On Interconnectivity, Infrastructure, and Small Joys: Thoughts from LP Owner, Jonathan Robinson
I was reminded this week of the slow but important work that so many in our community undertake to build and contribute to our city’s social infrastructure.
One of the most formative books I read before purchasing the store last year was “Palaces For The People: How Social Infrastructure Can Help Fight Inequality, Polarization, and the Decline of Civic Life”. Broadly, social infrastructure consists of the physical pieces of a community that help bring people together and build social capital. At its root is relationship, and “infrastructure” can be measured by how well it promotes and scales human relationships.
This type of infrastructure is formed by a mix of accessible, public spaces that collectively promote relationship and bring about the “small joys” that we often overlook or take for granted. They are an impromptu chat at the park, a cup of coffee with a friend, a neighborhood stroll with your family, or an after-school ice cream cone. If our interconnectedness defines us, then shouldn’t much of our time be spent pursuing it? More than ever, it’s important to name, then champion, the things that are restoring joy, not stealing it.
Two things have recently stirred this reflection. First, Amazon finally passed Walmart as the nation’s largest retailer. We are inundated with advertising, convenience, and pricing wars as the faceless world of mega-retail try to steal our attention and convert us to purchasers. We’re sold a story of job creation and low prices, a “new normal” where small, mom-and-pop stores can’t compete or even exist anymore. However, we ourselves sense a fast-growing fatigue, and in our little corner of the world, find that Main Street is thriving as the consumer refocuses on local.
Next, with Covid cases again on the rise, it seems the visible effects of fear and polarization have come soaring back to 2020 levels. We’re once again sorting ourselves into tribes and looking for enemies instead of friends. While disheartening, what each of us can control is where & how to focus our own intentional effort, and thus, seek to prop-up unity. We can cling to the small joys of each day, and for us, promote how our little shop contributes to civic unity and emotional well-being.

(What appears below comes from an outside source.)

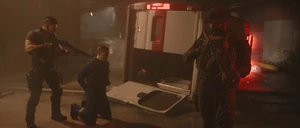 Makarov apprehended by Captain Price and Soap.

Our goal with the store has always been to create a community hub that is based around literacy and connection, while still offering a deeply personal, but tech-enabled experience. We’ve only become more resolute in our belief that people want to invest heavily in their neighborhood and that a strong independent bookstore can help glue a community.
Our happiest moments are seeing our own space contribute to your personal lives. Wednesday storytime, monthly book clubs, daily coffee meetings, support groups, or just a friendly chat with a bookseller — all of these move us closer to each other and break down the “us vs. them” walls that media and politics have unfortunately built.
Today, we’re deeply grateful to love and serve the place we call home, and to contribute a small sliver of positivity to our social infrastructure. Get outside, take a walk, call a friend, and find some hope in the magic of relationship (& reading).